Tapi gunung ini menjadi objek wisata utama masyarakat Tionghoa.
Tiap hari ratusan orang Tionghoa (dan warga lain) naik ke Gunung Kawi.
Masa liburan plus cuti bersama Lebaran ini sangat ramai. Karena terkait dengan
kepercayaan Jawa, Kejawen, maka kunjungan biasanya dikaitkan dengan hari-hari
pasaran Jawa yaitu Jumat Legi, Senin Pahing, Syuro, dan Tahun Baru.
Warga Jawa Timur kerap mencitrakan Gunung
Kawi sebagai tempat pesugihan. Tapi, bagi kalangan kejawen, penggiat budaya
Jawa, Gunung Kawi lebih dilihat sebagai tempat pelestarian budaya Jawa. Banyak
ritual kejawen diadakan di sini secara teratur dan diikuti aktivis budaya Jawa
di seluruh Pulau Jawa.
Di gunung Kawi, terdapat banyak sekali ritual
yang begitu sacral, yang setiap orang sangat khusyuk untuk melakukannya.
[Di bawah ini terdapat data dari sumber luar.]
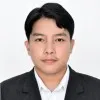Neil Anthony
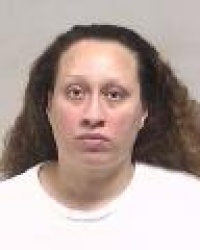 Inmate Photo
Sebagai contoh seperti ziarah ke makam Mbah
Djoego dan Mbah Sujo. Para peziarah di wajibkan untuk membawa
sesajen untuk masuk ke makam, selain itu para peziarah harus rela berdesakan
untuk masuk ke sesarean makam. Ada juga ritual untuk keliling area makam, yang
menganjurkan untuk keliling makam sebanyak 7 kali atau 12 kali sambil berdoa
dan bersholawat.
Berkunjung ke kawasan Gunung Kawi, suasana
magisnya sangat terasa. Bau asap dupa tercium di mana-mana. Kawasan ini dikenal
sebagai tempat pesugihan. Pengabdian dan kegiatan mereka kemudian tersebar ke
wilayah Malang dan Blitar. Banyak penduduk yang menjadi murid padepokan. Hingga
saat ini banyak keturunan, murid padepokan, pengikut dan peziarah yang
memperingati jasa mereka.
Upacara peringatan dilakukan setiap malam jum’at legi dan setiap tanggal
satu bulan Muharram (Syuro). Ritual dipimpin oleh juru kunci atau kuncen makam.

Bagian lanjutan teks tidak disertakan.